Certainly, bulbs of all types can find a home in almost any part of the garden. Consider planting a container full for a compact, easy to manage show of spring color.
Master gardener Frankie Dennison loves the versatility and color bulbs add to her own Kenmore yard. She also has found planting bulbs in containers cuts down on problems, such as squirrels looking for a snack and clay soil that doesn't drain well.
She can layer different types of bulbs in the pot so flowers are emerging all spring. When the show is done, she can drag the container under a sheltered spot for the summer so bulbs don't get over-watered.
Expect the container of bulbs to last about three years. Then the bulbs should be dug up and the bulbettes removed. Here are her tips:
Choose a big enough container. She likes pots about 15- to 18-inches tall and at least 15-inches across.
The pot needs to be large enough to handle a good amount of soil and several dozen bulbs. She prefers a neutral color that won't clash with the blooms. The pot needs drainage holes at the bottom.
Think about color and blooming time when selecting bulbs.
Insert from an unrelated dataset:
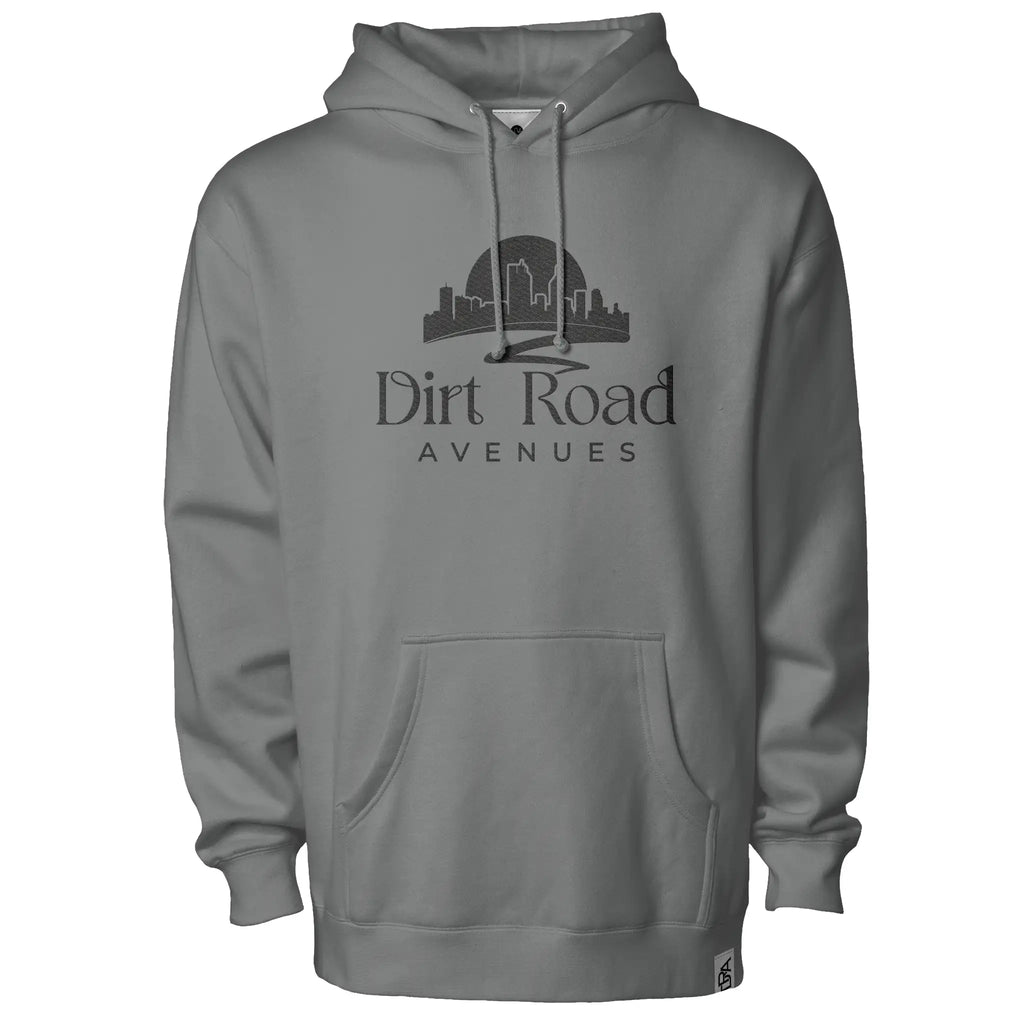 Unisex Gildan Hoodie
Bulbs are labeled as early, mid and late season. Get some of each. Think about how bulbs from each bloom time will look with each other.
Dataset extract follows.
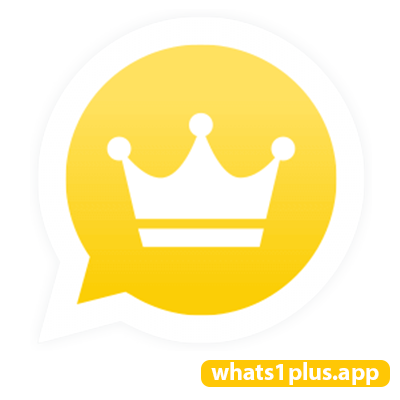 GB WhatsApp App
Remember, too, that some bulbs such as tulips, daffodils and snow drops should be planted in fall because these bulbs need a few months of cold to bloom. Other types of bulbs, such as lilies, can be planted in the spring.
Skip the crockery. Experts used to advise gardeners to line the bottom of their containers with chards of old pottery, gravel and the like to help drainage. That practice actually impedes drainage.
It is OK to put small, black plastic nursery containers at the bottom to fill up space in a particularly large pot, she said. Water is able to move around these.
Use potting soil. Place a good quality potting soil at the bottom of the pot. Dirt straight from the garden is too heavy. If you're planting directly in the garden, choose a spot with good drainage. Bulbs planted in heavy, clay soil will rot.
Don't forget to fertilize. Bulbs need a good, all-purpose organic fertilizer to perform well year-after-year. Sprinkle some near the bottom of the pot and mix in the soil.
Add liquid fertilizer to the leaves when they emerge in the spring. Avoid fertilizers high in nitrogen, which promotes leaf growth.
Layer bulbs by size, not bloom time. Bigger bulbs need to be planted deeper. The rule of thumb is plant a bulb three times its height. The pointy end of the bulb goes up.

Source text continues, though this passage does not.